━━━━━ DATA TO USE ━━━━━

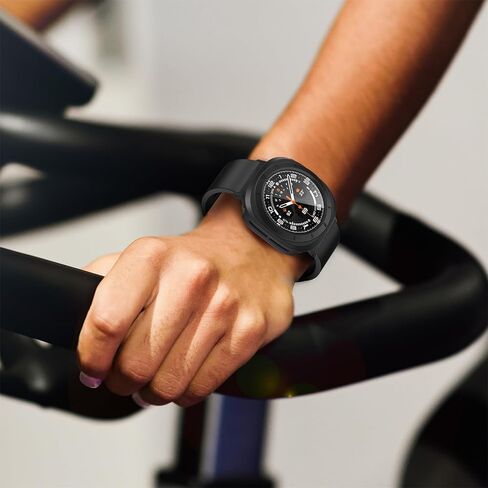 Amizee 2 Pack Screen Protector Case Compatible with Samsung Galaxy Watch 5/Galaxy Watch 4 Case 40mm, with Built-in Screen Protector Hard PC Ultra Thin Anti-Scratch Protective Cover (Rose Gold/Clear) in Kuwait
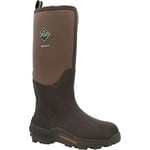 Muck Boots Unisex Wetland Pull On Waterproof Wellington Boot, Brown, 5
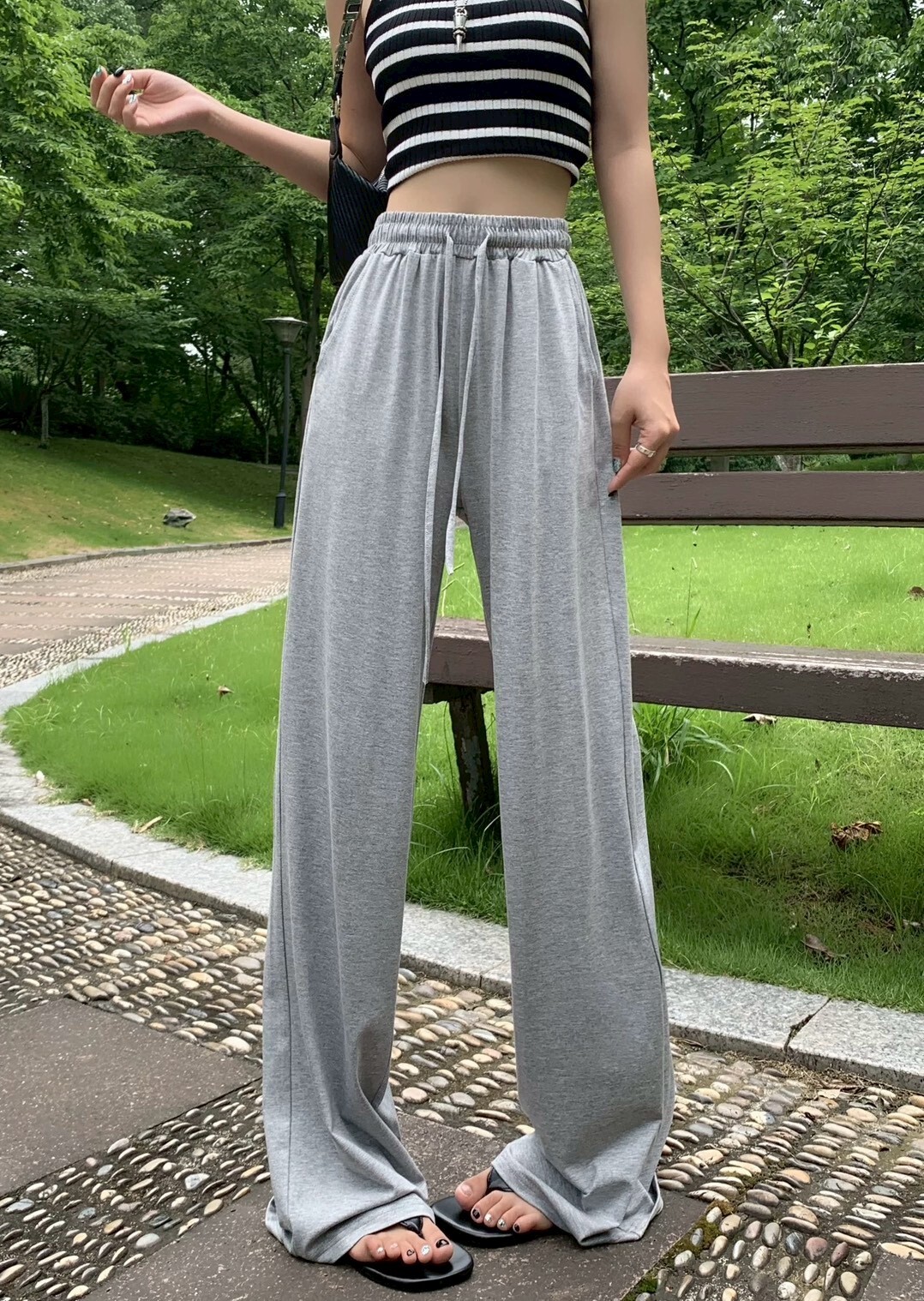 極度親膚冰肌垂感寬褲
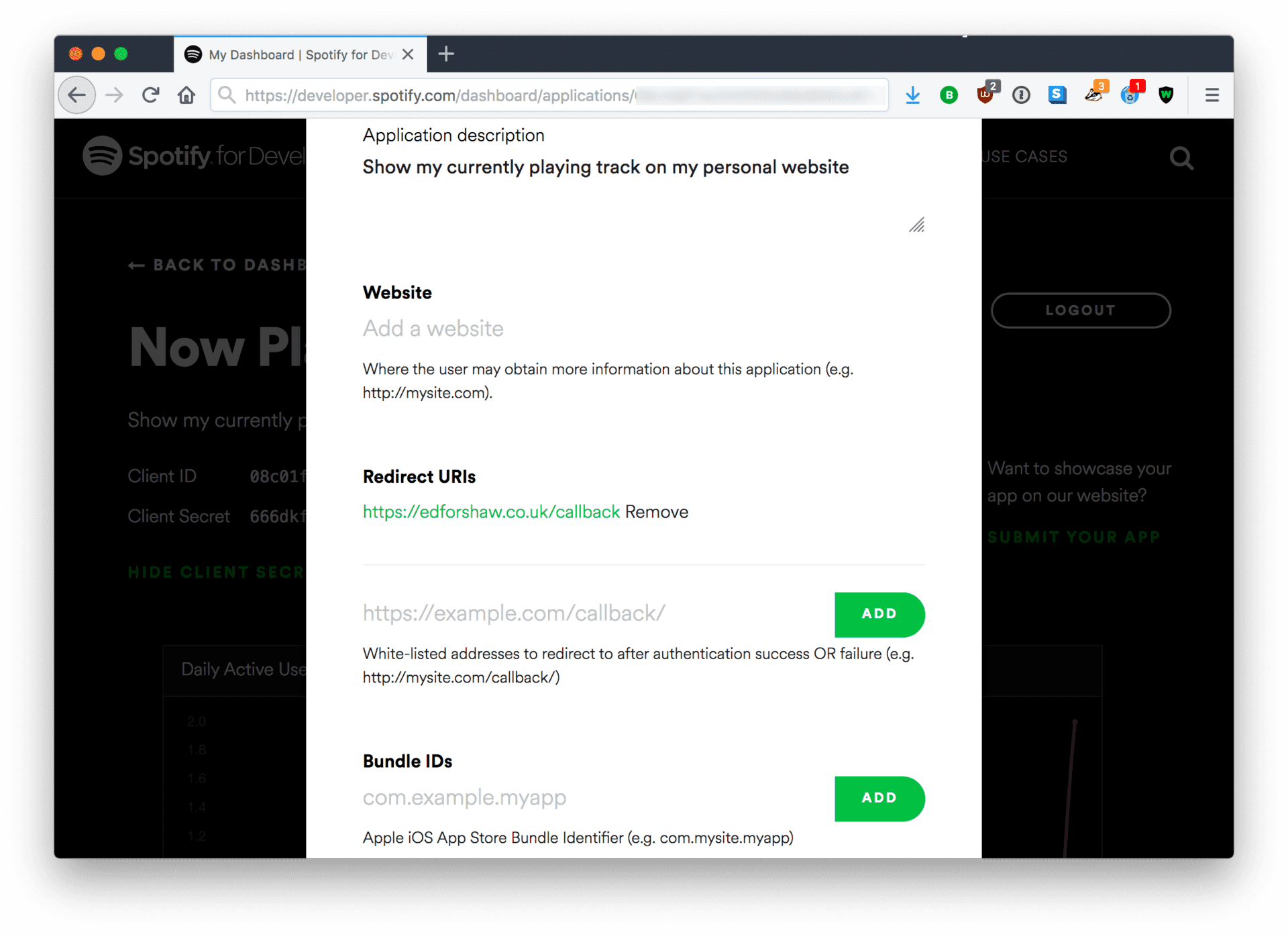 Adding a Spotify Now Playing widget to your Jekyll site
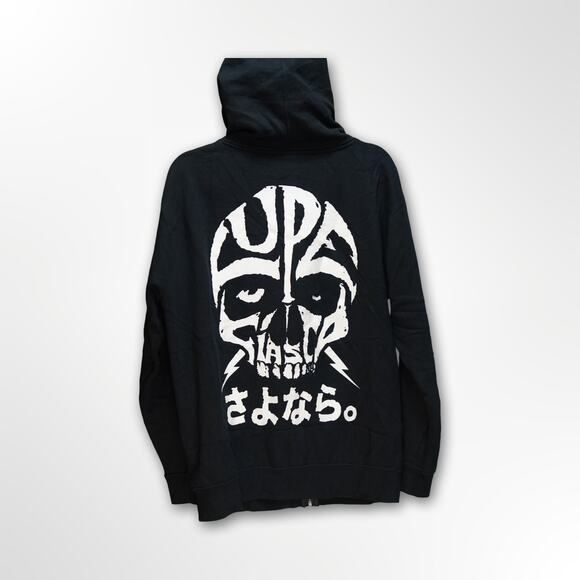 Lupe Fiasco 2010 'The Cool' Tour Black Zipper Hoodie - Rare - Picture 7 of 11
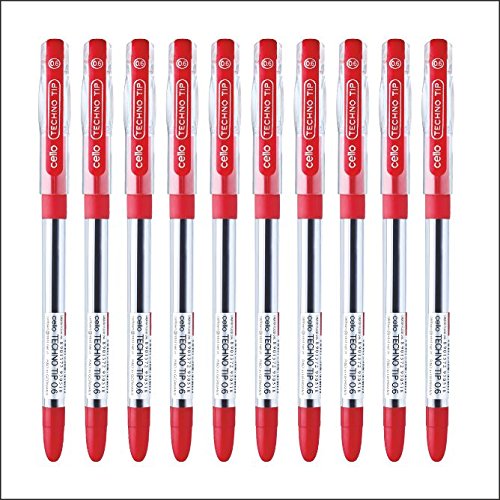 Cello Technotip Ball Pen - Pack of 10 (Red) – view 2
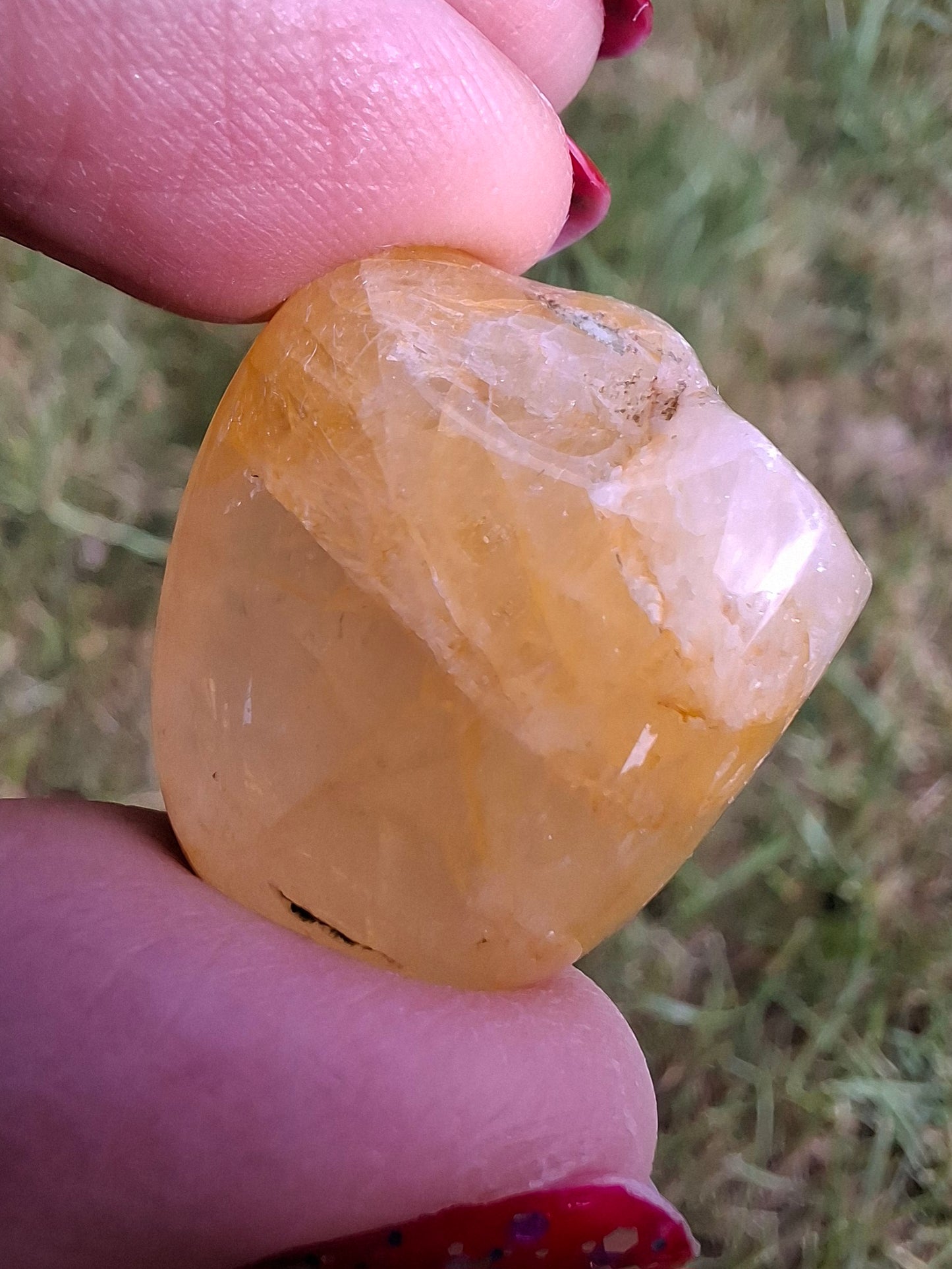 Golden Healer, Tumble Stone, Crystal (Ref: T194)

━━━━━

**EXERCISE AIM**: Copy exactly the lines from the line that contains "Cello Technotip Ball" through the last line of the records above, both ends included, but leave out the pictures.

**EXERCISE OUTPUT**:
 Cello Technotip Ball Pen - Pack of 10 (Red) – view 2
 Golden Healer, Tumble Stone, Crystal (Ref: T194)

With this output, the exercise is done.